On Tue, 2005-09-27 at 16:57, Wendell Piez wrote:
> Dear Peter,
> At 03:56 AM 9/27/2005, you wrote:
> > > I'm a bit mystified because what you say above suggests you have set
> > >
> > > <xsl:strip-space elements="*"/>
> > >
> > > which is not necessary.
> >*I* don't, but I've seen a lot of users trying it that way.
> Ah, so this is an argument for catering to ignorance? (It's okay if
> it is; sometimes this is necessary.)
Not really so much catering to ignorance, as providing an unexpected and
unpleasant surprise behaviour which conflicts with expectation, and thus
causes what the user would regard as unnecessary extra work. One of my
charges used the phrase "why couldn't they have made it do it the right
> I think this is a tradeoff. Sometimes you want the tool just to "do
> the right thing". Sometimes you want more of an informed choice by
> the user. The latter, especially when "the right thing" has grey
> boundary lines (or is grey altogether). I'm not convinced I or we
> would be happier with a new schema dependency in XSLT processing.
> (I've stopped defaulting attributes entirely as I've shifted to more
> powerful, flexible and expressive schema regimens, such as RelaxNG+Schematron.)
Definitely, but we have to handle a lot of legacy, and a lot of that
simply isn't going to change in the foreseeable future.
> Again, depends on where you sit. Most of "my users" (I know lots of
> users at all levels from all sectors) don't have any basis for
> comparison to SGML, but I can sure see they're benefiting from, e.g.,
> the huge range of XML tools that SGML never had. There are many
> reasons for the existence of this toolkit; but I think XML's cleaner
> layering between instance and schema is one of them.
Yes, that and the vast majority of other goodies. This particular
problem is small in the global scheme of things, but when dealing with
very large quantities of extremely dense markup in mixed content, it's a
pain in the ass.
> >Then the transformation language should provide the facility to do it
> >right. XSLT does not at the moment provide this, AFAIK, because it
> >removes those white-space nodes in mixed content which should only be
> >compressed to a single space instead. It is precisely the transform
> >which is modifying the data, not the schema or the parse.
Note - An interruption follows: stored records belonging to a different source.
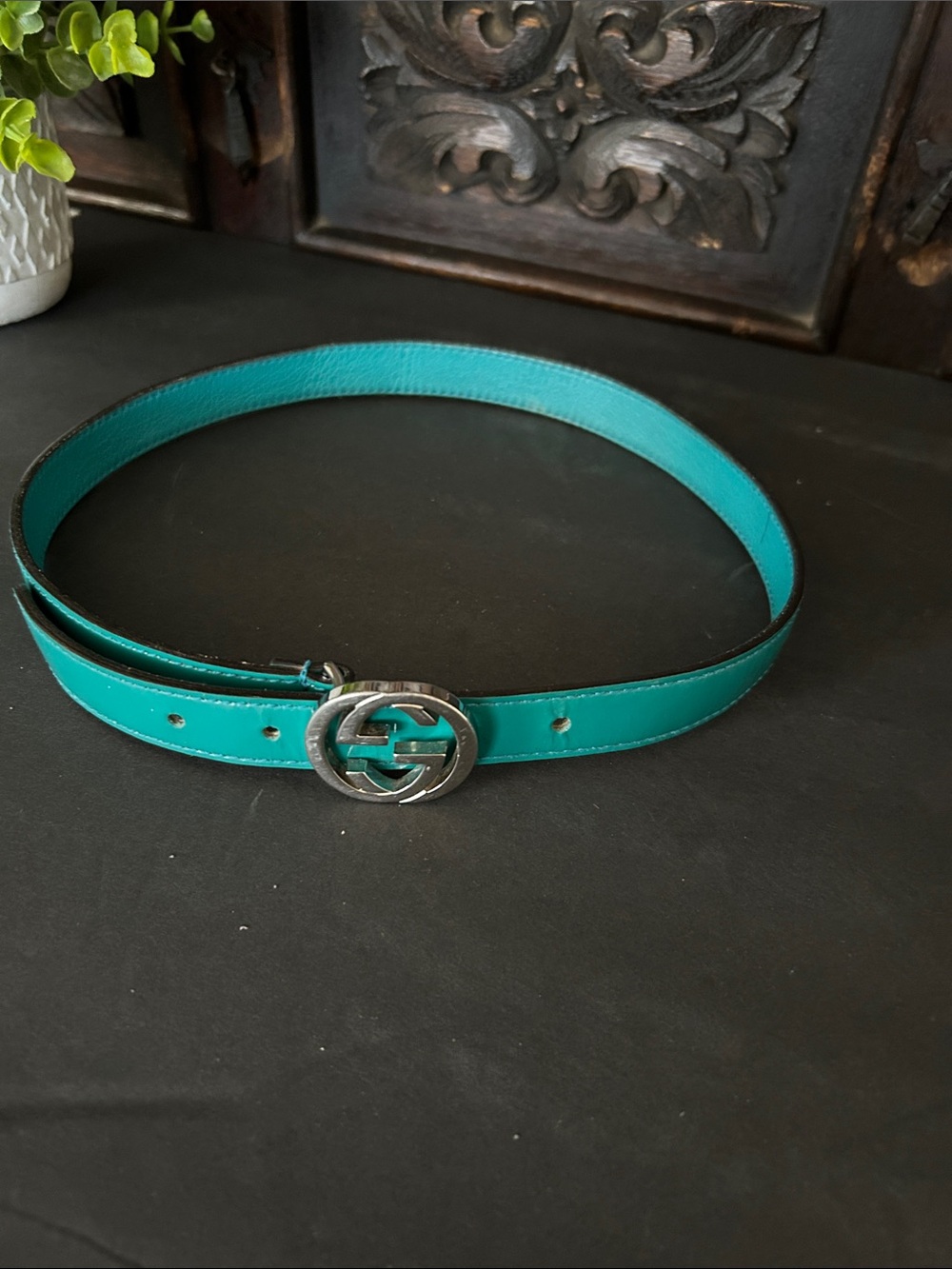 Glossy Teal Patent Leather Belt with Silver Interlocking Buckle - Picture 3 of 11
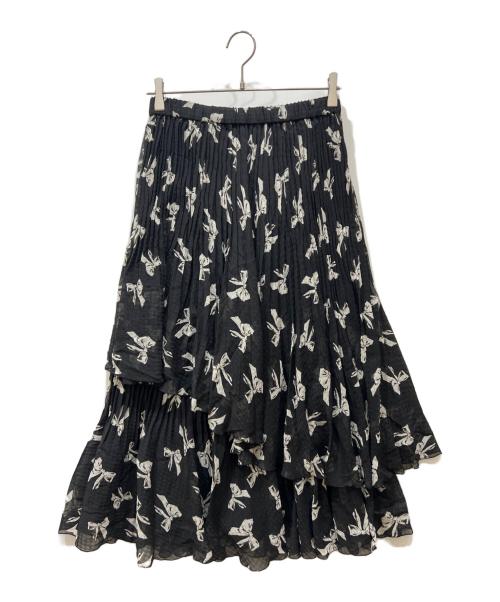 INGEBORG（インゲボルグ）INGEBORG (インゲボルグ) リボンpt.スカート ブラック サイズ:不明 未使用品の古着・服飾アイテム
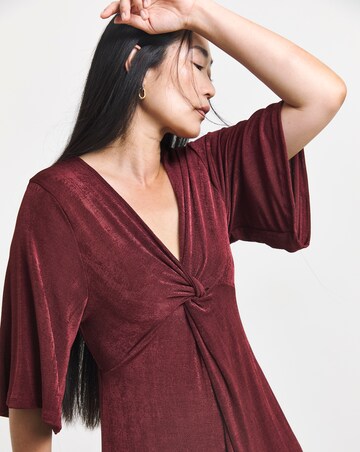 Slinky Twist Front Midi Dress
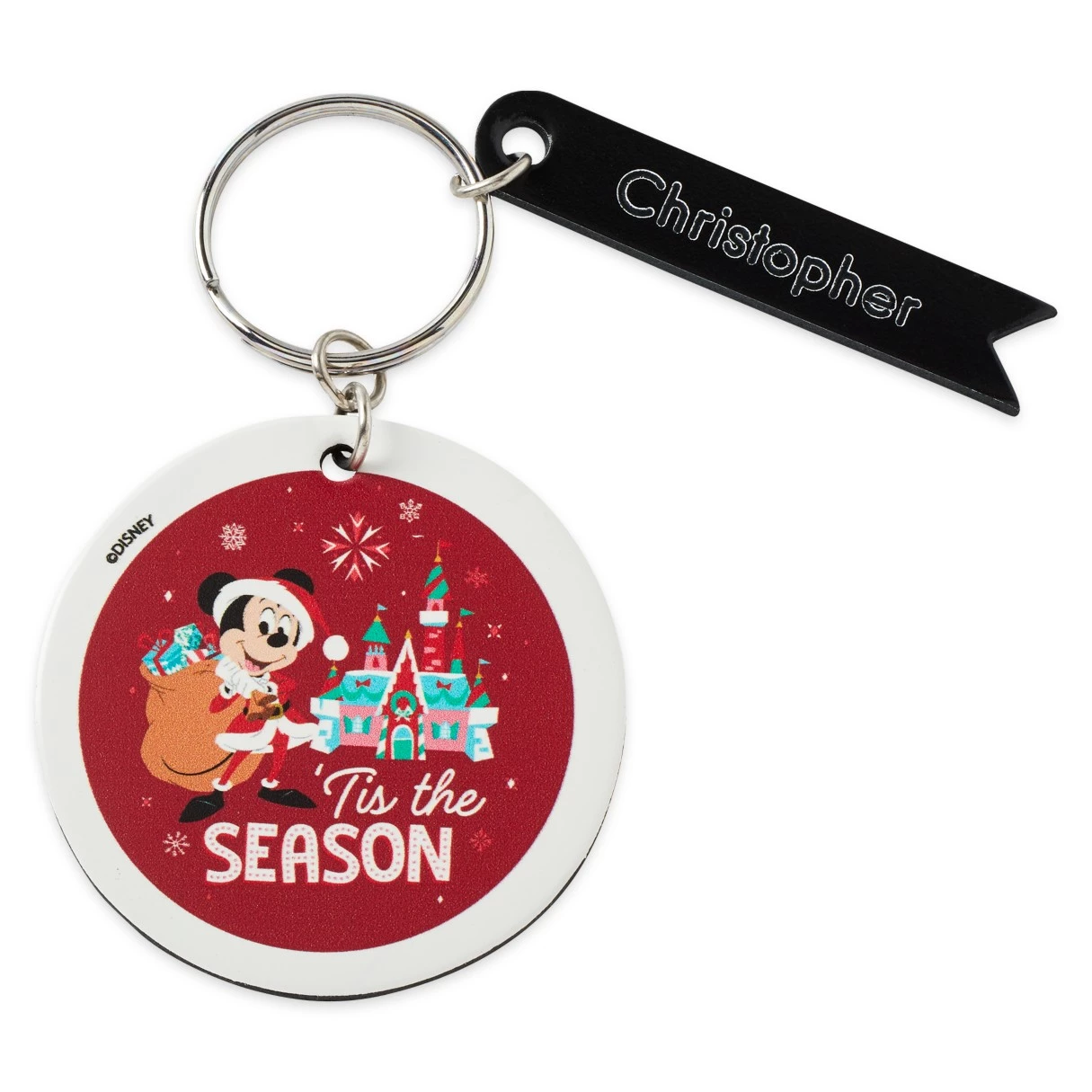 Disney Santa Mickey Mouse Circular Keychain By Leather Treaty – Personalized 1 Disney Santa Mickey Mouse Circular Keychain By Leather Treaty – Personalized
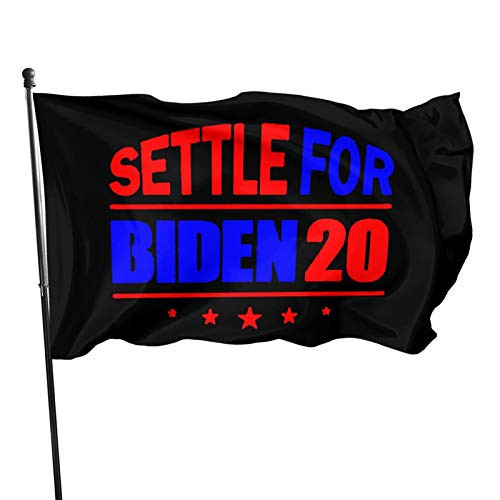 QFLQ Settle for Biden 3x5 ft Double Stitch Around The Edge with Two Brass Buttonholes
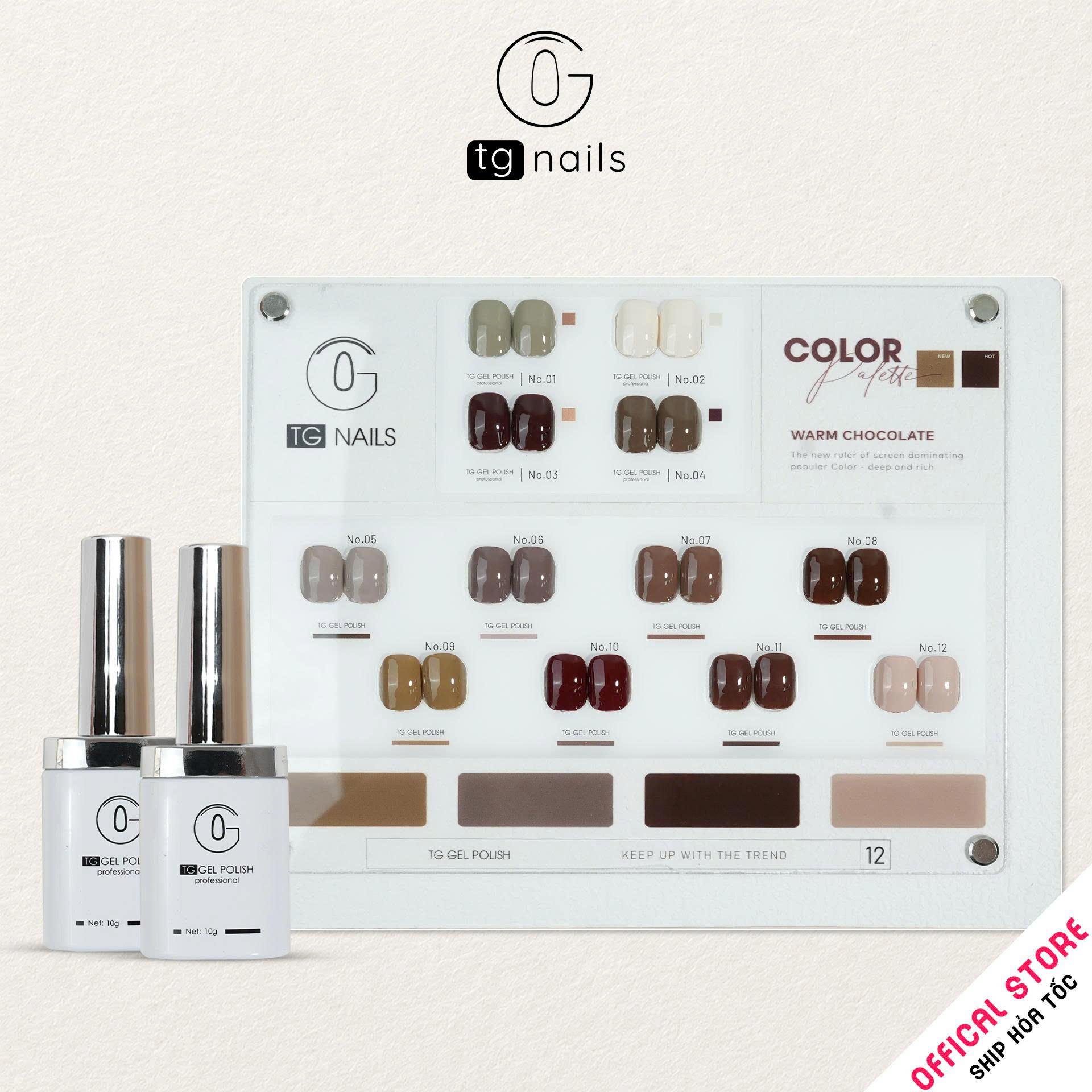 Combo 12 màu Nâu CAFE - kèm bảng màu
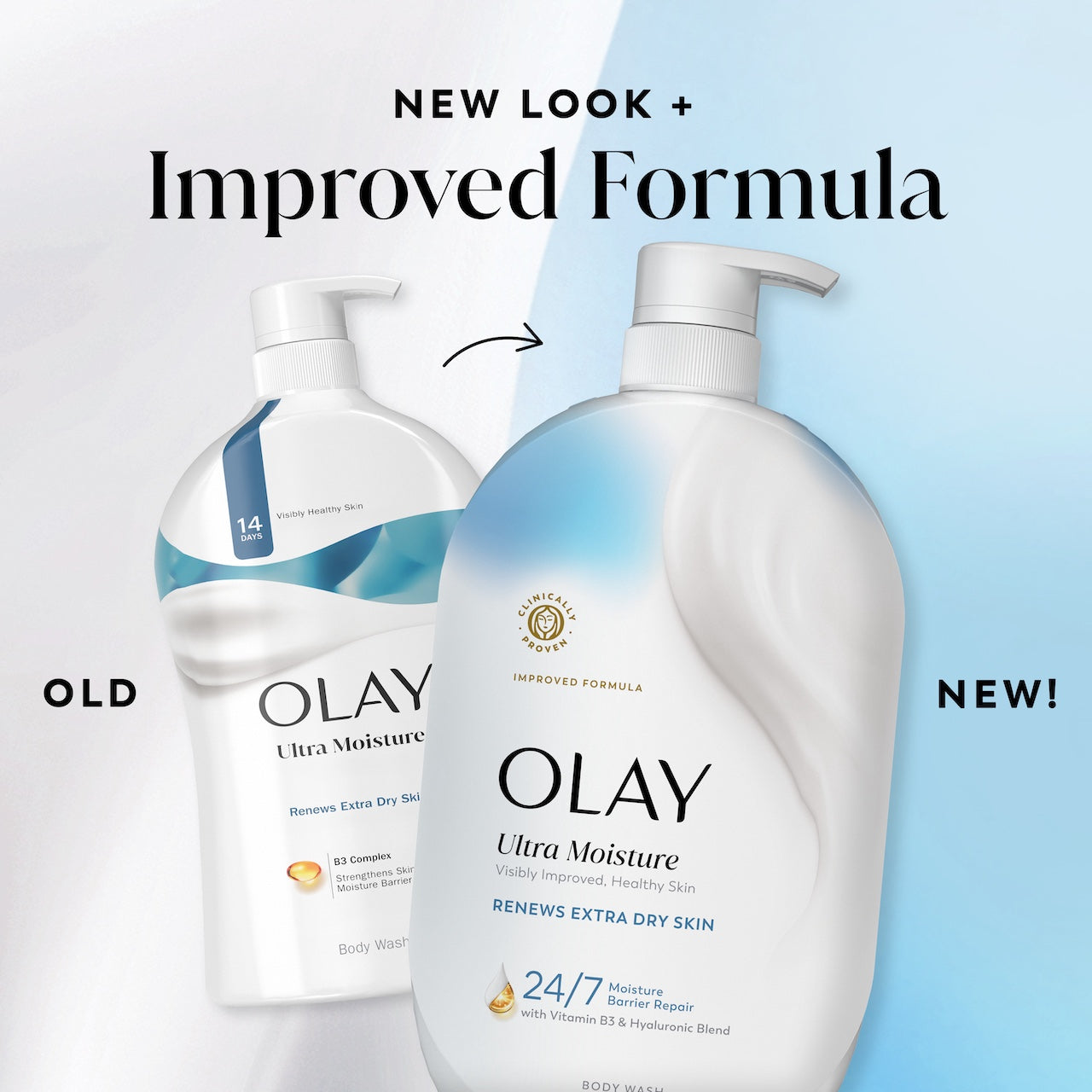 Olay Ultra Moisture Body Wash, new look plus improved formula Olay Ultra Moisture Body Wash, new look plus improved formula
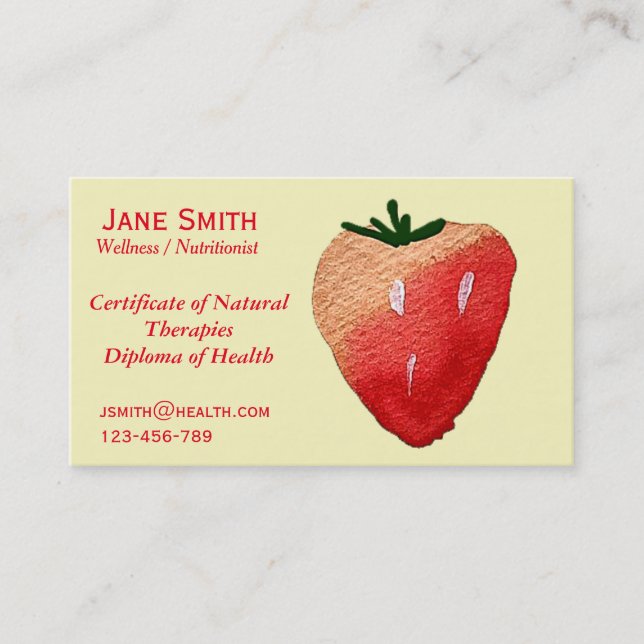 Wellness coach Nutritionist freelance health Business Card (Front)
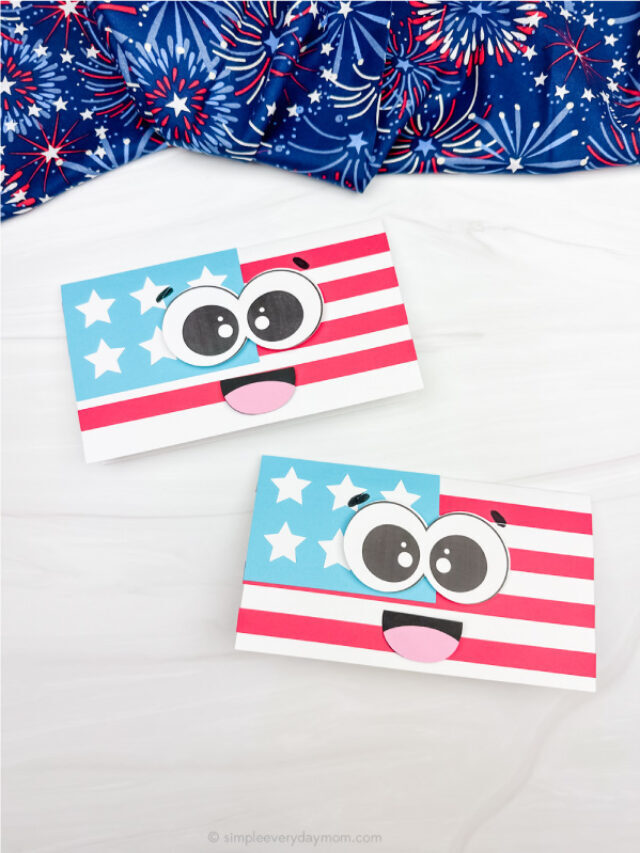 American Flag Card Craft For Kids [Free Template] Story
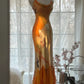Orange Zarte Blumen Spaghetti Strap Lange Satin Chiffon Ballkleid Abendkleid Partykleid gh4093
> Could you specify your requirement for munging again? Could it be
> done as a function munging text nodes?
With strip-space turned on globally (the case in point), the
white-space-only text nodes between elements don't make it through to
the XSLT, so you cannot address them :-)
> I've got whitespace cleanup stylesheets to help me when I really need
> them. But I haven't taken the time to try to generalize them. A
> generalized solution might want to take more than one pass, if it's
> to use a really simple algorithm.
Like many such problems, it's not a difficulty if you are in a position
to specify the list of element types for strip-space. My objection is to
the *default* behaviour for "*". Defaults should cater for the most
commonly-occurring circumstances, and not break the document model by
predication on borderline cases and special parameters. And strip-space
can only take Names in its elements attribute: it would be nice if you
could use XPath :-)
Web browsers have an implicit version of strip-space in their default
handling of HTML. Imagine if the space between two adjacent elements in
mixed content suddenly disappeared.
> It sounds like an Extreme paper, Peter.
"Why I demand white-space" or "Strip-space considered harmful" :-)
> And all of this is thankfully beside the original question, the right
> answer to which depends on much more than whether XSLT happens to be
> "good enough" in this respect.
Certainly good enough. Just unfortunate that this circumstance was not
more obvious at the time: part of the problem seems to be the CS-derived
insistence on treating the document as a tree, even when it's not.